The Art of Modern Marketing: Luxury Brand Chanel at the Saatchi Gallery

Chanel takes aspirational merchandising to the next level with its indulgently oddball Mademoiselle Privé at the Saatchi Gallery. Go here to inhale soupçons of history, photograph camply kitsch displays and admire the intricate workmanship of handcrafted haute couture. But beware: this show has been cut into social media friendly bite-sized morsels and marked up by a huge percentage of hype.

Chanel exhibition Saatchi Gallery

Chanel jardin a la Francaise

Chanel sensory room

Chanel chains

Mademoiselle Privé serves up the key elements of a contemporary luxury brand – a constantly visible logo and trademark features of provenance – in this case camellias, pearls, lucky numbers (5 in particular) and the wheatsheaf – along with house colours, iconic jewellery designs, famous perfumes and an enormous marketing spend. Most importantly, there are legions of ear-pieced security guards, plenty of roped-off queuing areas (anything that is worth having is surely worth waiting for?), mysterious lighting effects and enough mirrors to bring out the selfie-loving narcissist in even a nun. And there are lots of cameras in the trees outside too – or are those floodlights?
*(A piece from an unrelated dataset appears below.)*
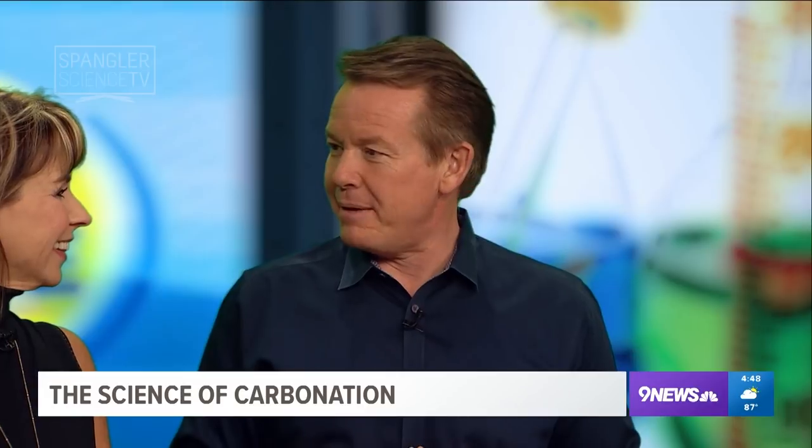Steve Spangler here. What are we doing? Science. Do you remember Mr. Wizard? Does that make sense?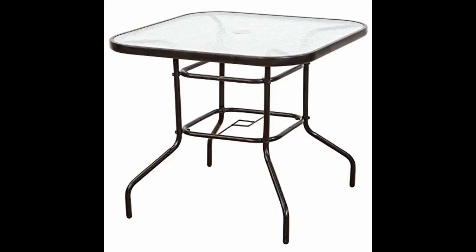I absolutely love this table because not only is it easy to assemble, sturdy, and has a very unique design, I just love the way you are able to expand it and retract it with one simple pole.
The birdsong in the specially installed garden must be real, surely?

Chanel pearl totem

Chanel typo

Chanel Wheatsheaf totem

Billed as “a journey through the origins of Chanel’s creations capturing the charismatic personality and irreverent spirit of Mademoiselle Chanel and Karl Lagerfeld,” it is a curiously curated experience, reminiscent of the hastily built set for an Alice in Wonderland style party, which has already taken place (weren’t you there darling?). Chanel conjures up notions of extreme perfection, not poorly translated and misspelled exhibit labels, out of order slot machines and a film with Karl Lagerfeld playing Karl Lagerfeld – badly. But perhaps this is all part of a plot to reach out to lovers of grunge, pop art, wabi-sabi, or whatever else is on the menu du jour?

Chanel haute couture

Chanel camellias by Lemarie

Chanel embroidered lace dress

Light is effectively used to show off the exquisite construction of Chanel’s couture gowns, and darkness brings out the brilliance of the 1932 Bijoux de diamants collection. But the overall impression is of packaging that’s a little tawdry for its prestigious product. The show merely nibbles at the edges of Coco Chanel’s world, production at the fashion house and the supremely skilled work of the specialist ateliers it keeps alive (though you can participate in workshops to find out at first hand about the work of Lesage and Lemarié). There is more background information on the strangely stylish website Inside Chanel, which also places the brand firmly in the 21st century (think H&M collaborations) with its moving graphics, videos and fast paced delivery.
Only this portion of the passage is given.